夢か現か
夢なのか現実なのか定かではない、という経験は誰しもあるかと思います。私の一番古い
その夜、愛用の長座布団に寝かされている私は、高熱を出していました。よく熱を出す子だったので、家族はいつものことという感じで、私を寝かせて台所で夕食を摂っていました。
高熱のせいで頭が痛くて、ぼんやりとした意識の中、食卓を囲む声や音を聞いていたのを覚えています。
寂しくて辛くて苦しくて。その時、ひんやりと冷たい手が、私の額に触れました。
氷のように冷たい手が、額の熱を奪っていきます。ズキズキしていた痛みが薄れ、ゆっくりと額から頭へと撫でるリズムに、気持ち良くなりながらも疑問が浮かびました。
この手は、誰の手だろう?
家族は台所です。私の傍には誰も居ません。何よりも、ひどく冷たい女性の手は、母のふくよかな手とは全く違うものでした。

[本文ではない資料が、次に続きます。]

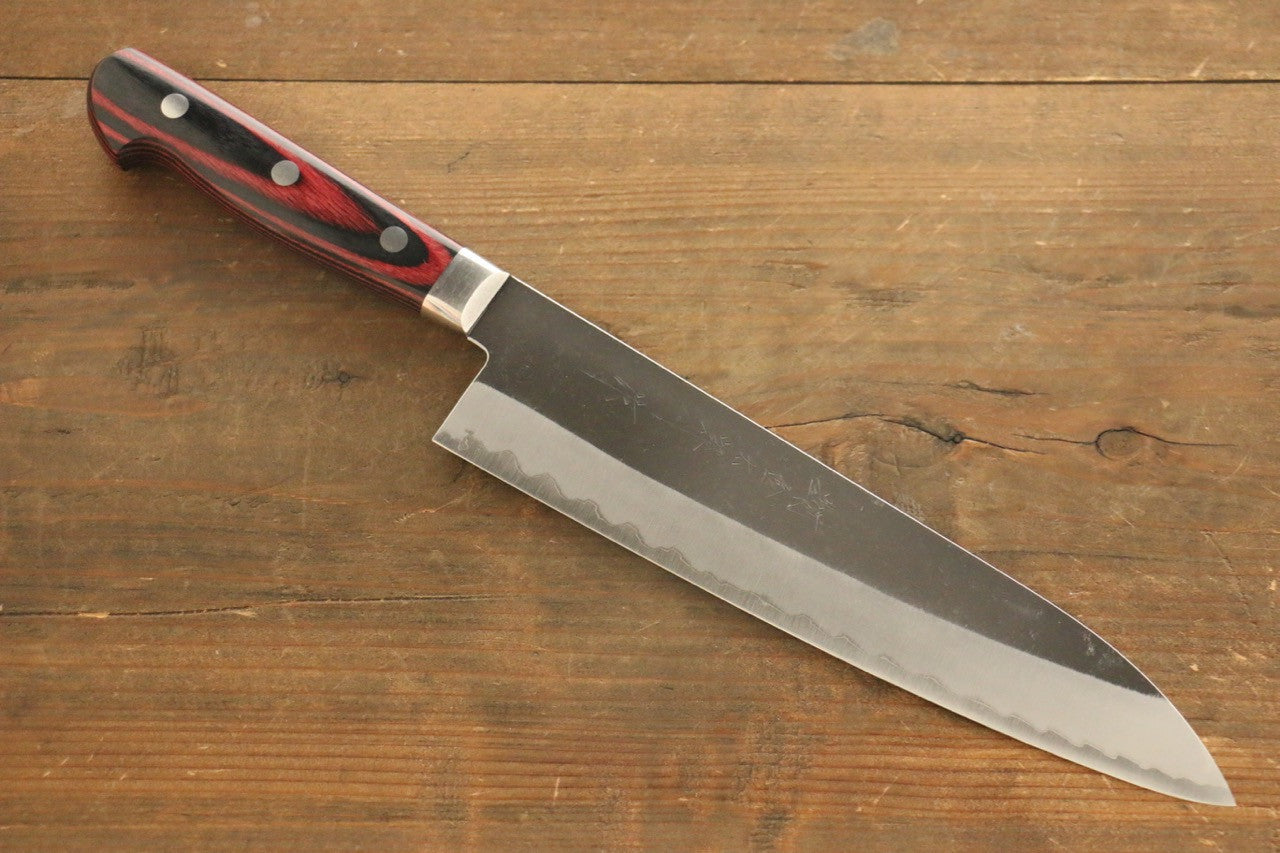 Yoshimi Kato Blue Super Clad Kurouchi Gyuto Japanese Chef Knife 210mm - Seisuke Knife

いったい誰が私に触れているのかと、目を開けようとした瞬間、ビタッと乱暴な小さな手が、私の額を叩くように触ってきました。
「あ、熱下がってるよ!」
聴こえたのは兄の声。目を開けると次兄が私を覗き込んでいました。
この時のことを後から聞いたところ、食卓から見える位置に寝ていた私は、微かに呻きながら眠っていて、傍には誰も居なかったし、何かが視えたりもしなかったそうです。
でも、あの時、熱を奪いながらゆったりと撫でる手を、私は確かに感じていました。
あれはいったい、誰の手だったのでしょうか。
夢だったのでしょうか、現だったのでしょうか。